:: Listed records
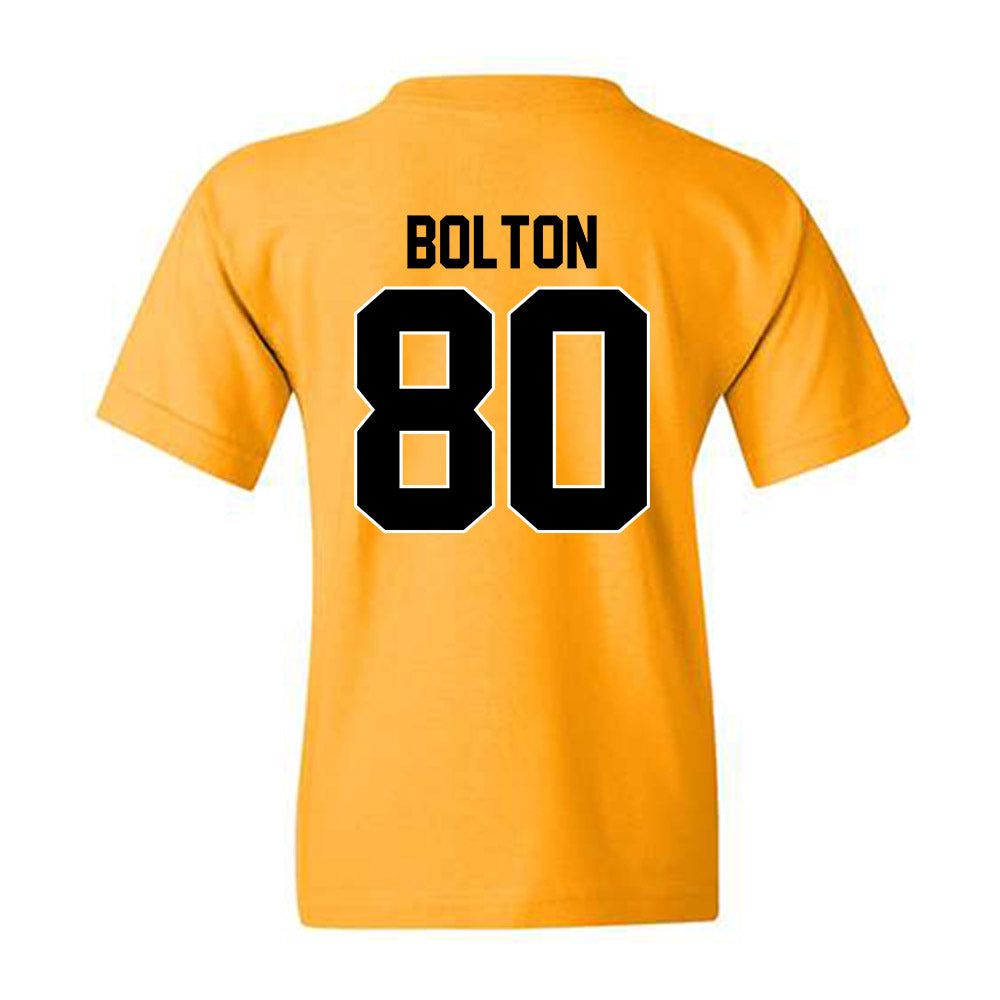 Missouri - NCAA Football : Jayden Bolton - Youth T-Shirt-1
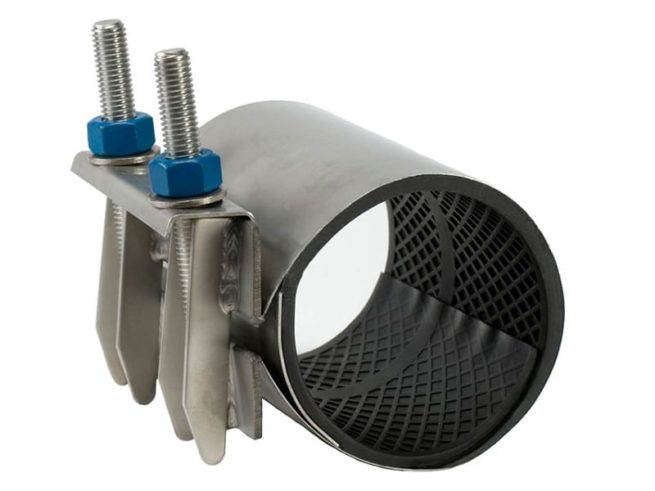 JCM 168 Lightweight Fabricated Lug Universal Clamp Coupling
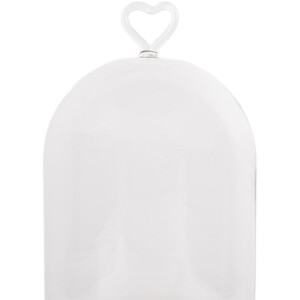 Cloche en verre Clayre & Eef 6GL5360 Ø 14x22 cm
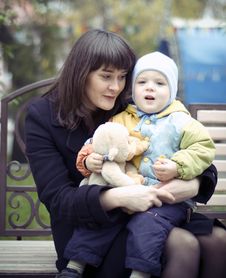 Mother With Baby Stock Photo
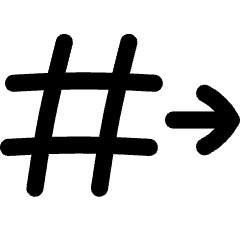 Go To Channel Slack Icon from Flex Line Set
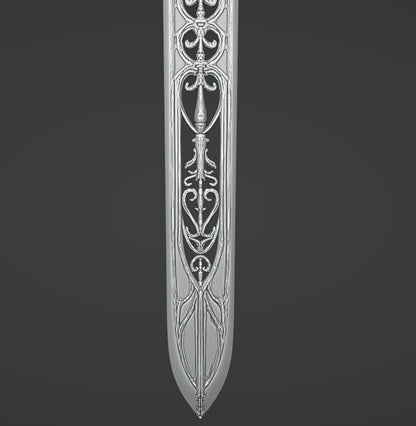 Sword of Night and Flame - Digital 3D Model - Elden Ring Cosplay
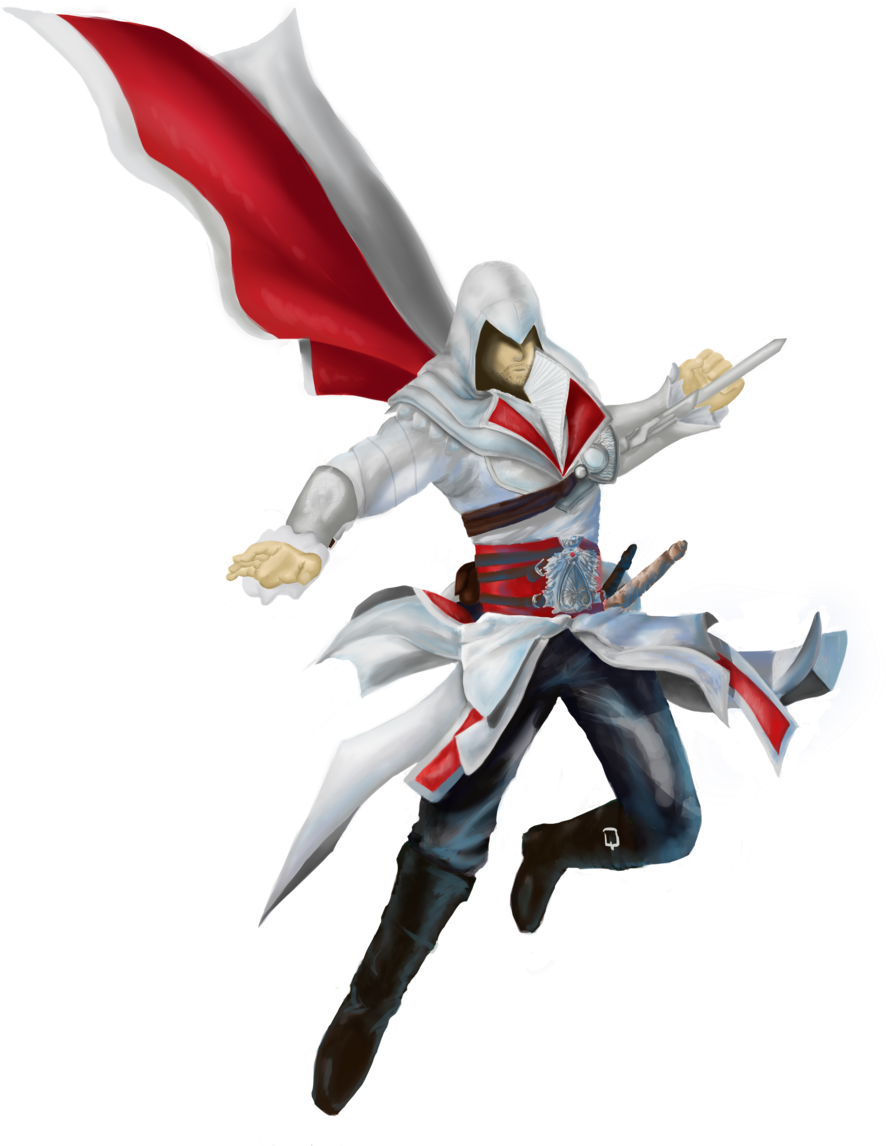 Ezio Auditore Png Transparent Image - Png De Ezio Auditore (900x1153), Png Download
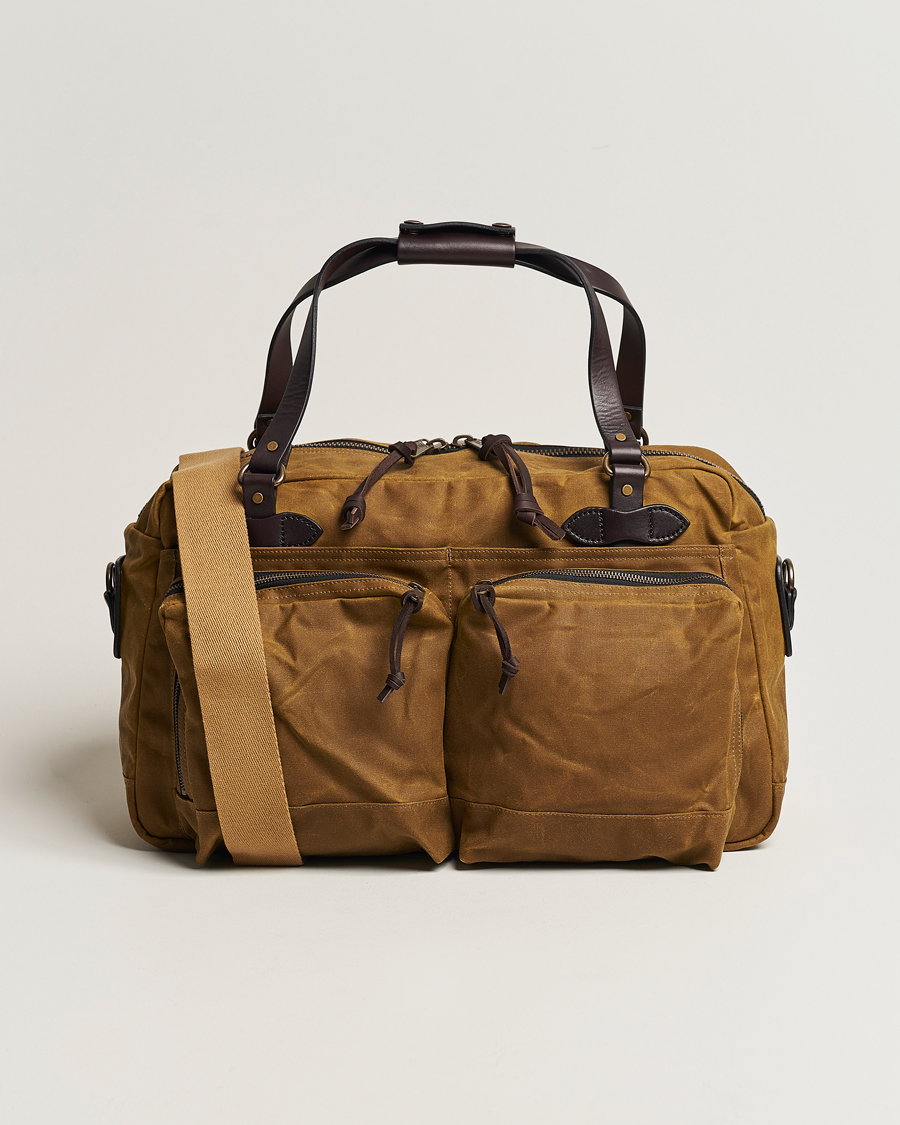 Herr | | Filson | 48-Hour Duffle Bag Dark Tan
::::
**Task details:**
Could you output the entire listing verbatim while omitting its pictures?

**Answer box:**
 Missouri - NCAA Football : Jayden Bolton - Youth T-Shirt-1
 JCM 168 Lightweight Fabricated Lug Universal Clamp Coupling
 Cloche en verre Clayre & Eef 6GL5360 Ø 14x22 cm
 Mother With Baby Stock Photo
 Go To Channel Slack Icon from Flex Line Set
 Sword of Night and Flame - Digital 3D Model - Elden Ring Cosplay
 Ezio Auditore Png Transparent Image - Png De Ezio Auditore (900x1153), Png Download
 Herr | | Filson | 48-Hour Duffle Bag Dark Tan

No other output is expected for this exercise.